Your goal
The reply must repeat each entry exactly and contain no pictures.

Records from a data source
--

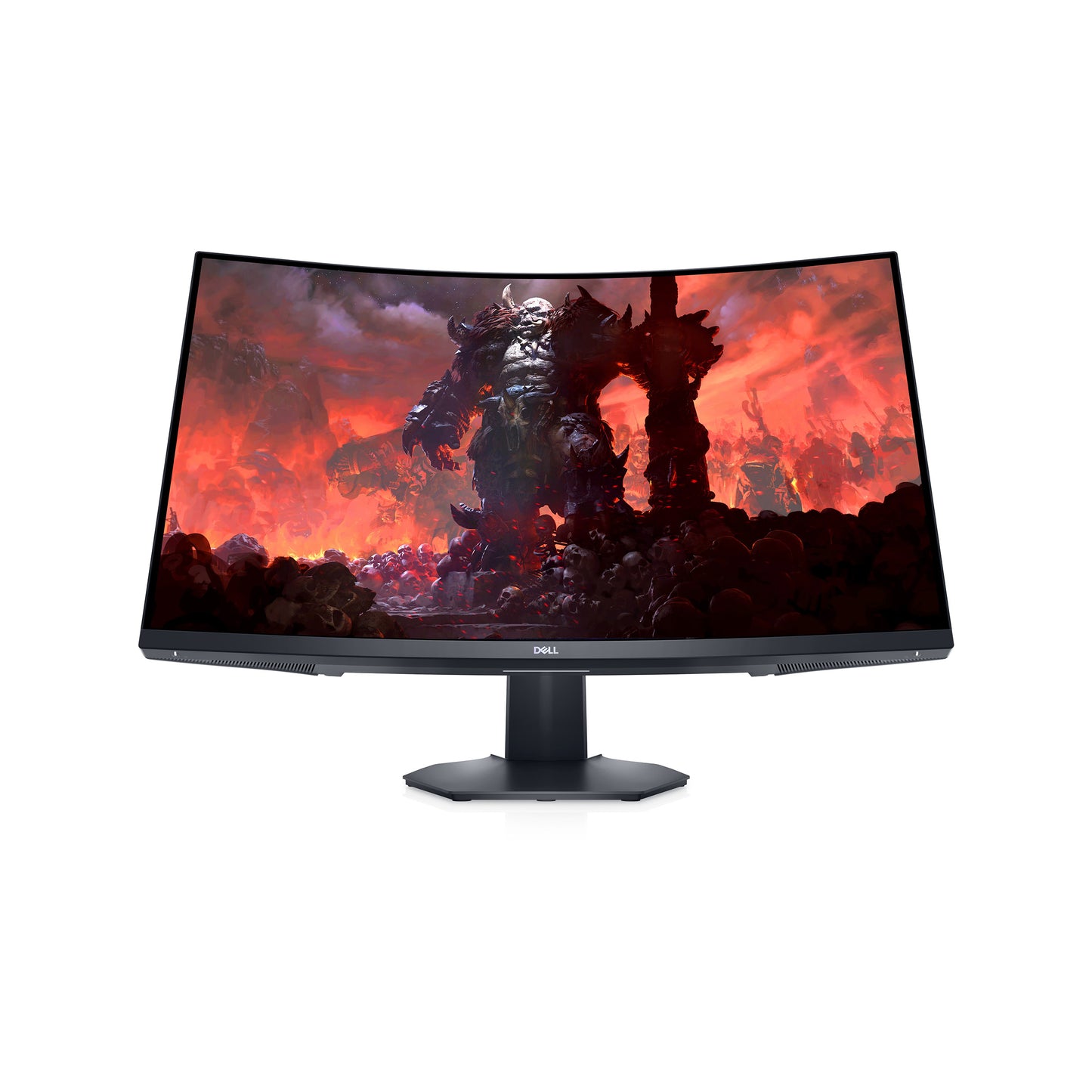 Dell 32 Curved Gaming Monitor – S3222DGM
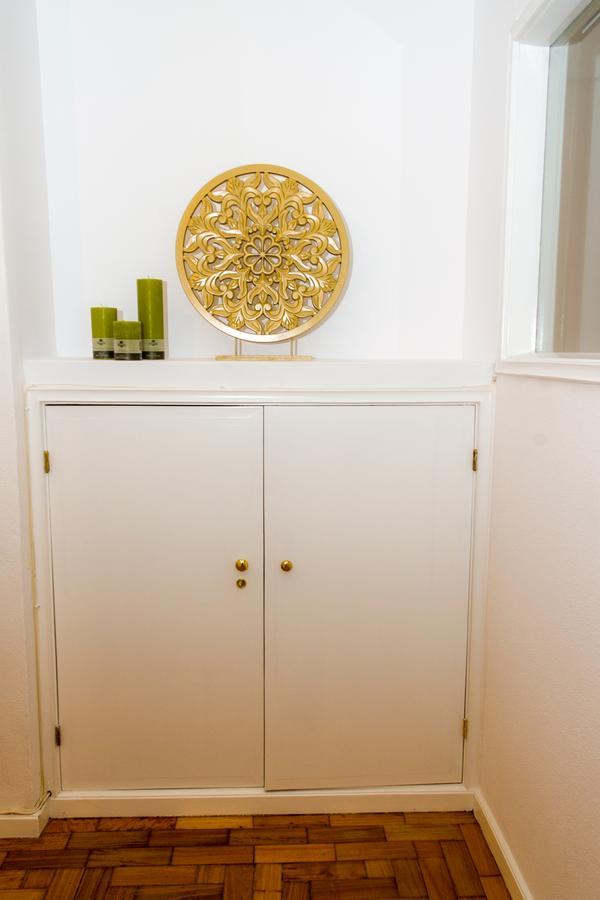 Liiiving In Porto | Downtown Delight Apartments Bilik gambar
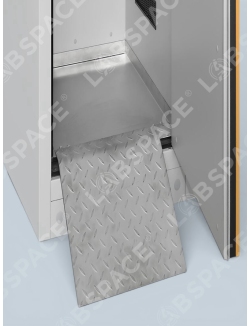 Огнестойкий шкаф для хранения баллонов GRAULAB ШХБ-900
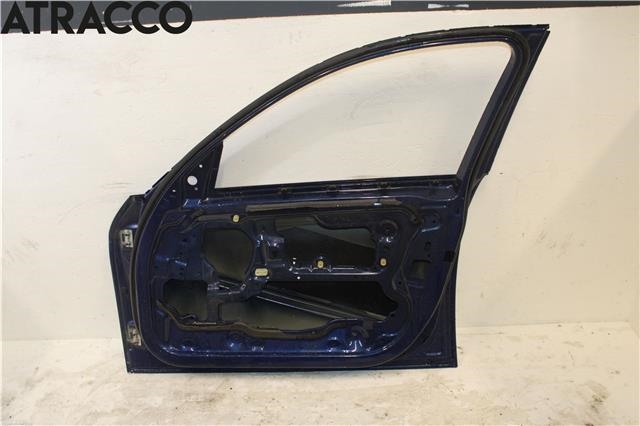 Dør høyre foran til BMW 3-Serie 2005-2011 (E90/E91/E92/E93) (E90/E91/E92/E93) (41007203644|)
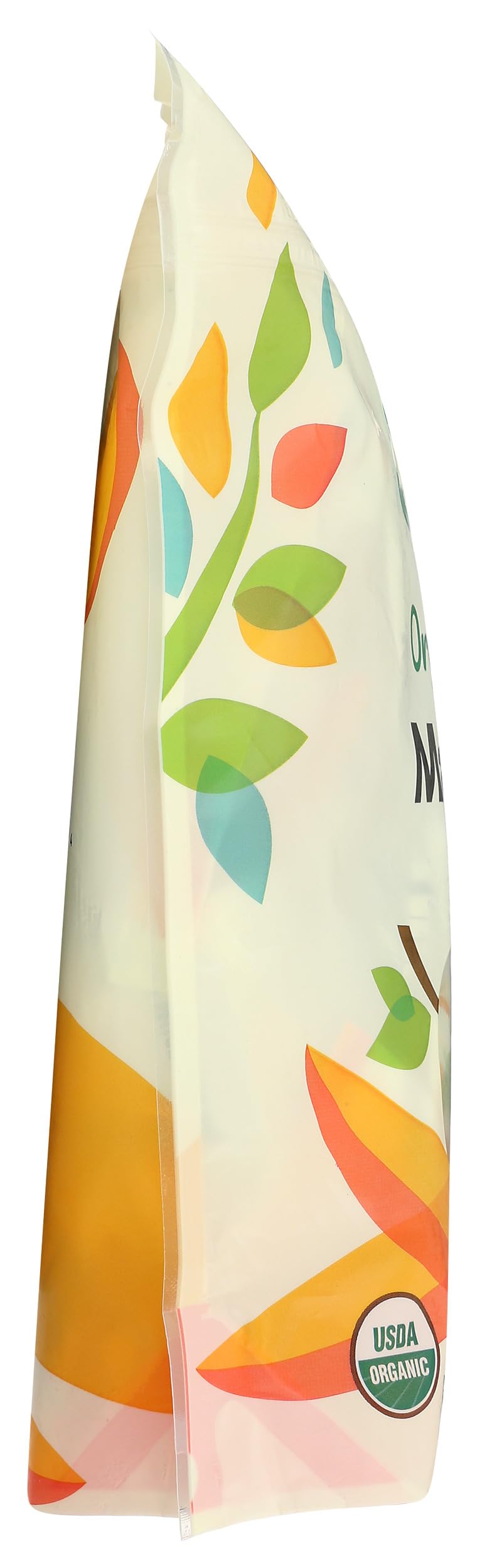 365 by Whole Foods Market Organic Mango, 8 Pack, 12 Ounce - Healthy Snack, Non-GMO, Gluten-Free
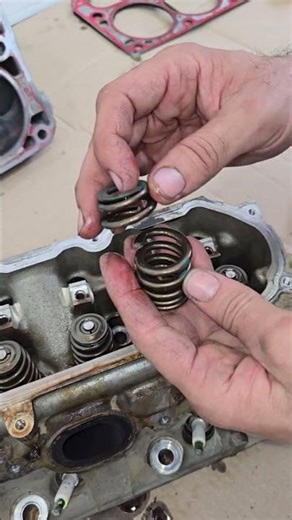 gmc engine noise fixed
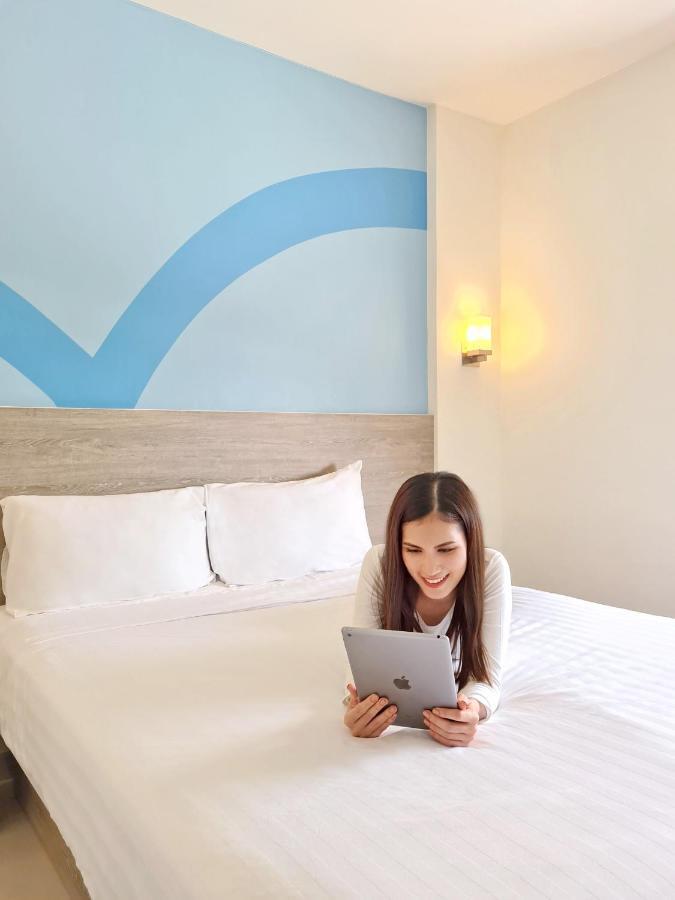 Hop Inn Hotel Cebu City Esterno foto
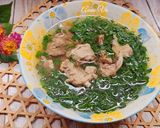 Hình bước làm 3 của món Bữa cơm với các món vịt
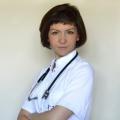 Agnieszka Czyżewska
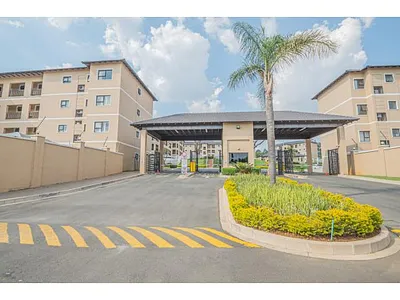 2 Bedroom Apartment For Sale in Boksburg - LwDC.webp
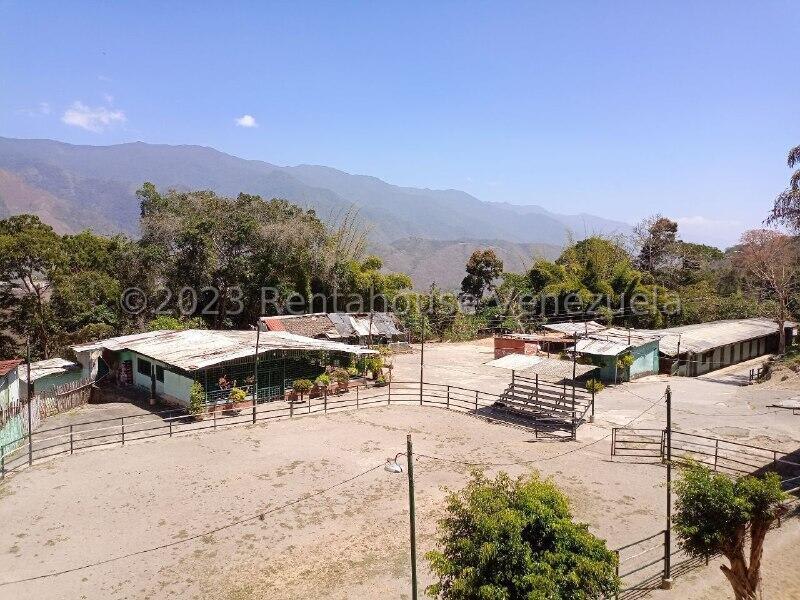 Terreno en venta en Caracas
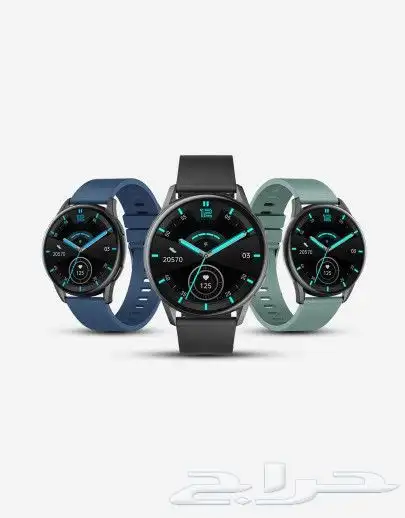 ساعات وسماعات ذكية اجهزة الكترونية بأفضل الأسعار 6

--

Answer space
 Dell 32 Curved Gaming Monitor – S3222DGM
 Liiiving In Porto | Downtown Delight Apartments Bilik gambar
 Огнестойкий шкаф для хранения баллонов GRAULAB ШХБ-900
 Dør høyre foran til BMW 3-Serie 2005-2011 (E90/E91/E92/E93) (E90/E91/E92/E93) (41007203644|)
 365 by Whole Foods Market Organic Mango, 8 Pack, 12 Ounce - Healthy Snack, Non-GMO, Gluten-Free
 gmc engine noise fixed
 Hop Inn Hotel Cebu City Esterno foto
 Hình bước làm 3 của món Bữa cơm với các món vịt
 Agnieszka Czyżewska
 2 Bedroom Apartment For Sale in Boksburg - LwDC.webp
 Terreno en venta en Caracas
 ساعات وسماعات ذكية اجهزة الكترونية بأفضل الأسعار 6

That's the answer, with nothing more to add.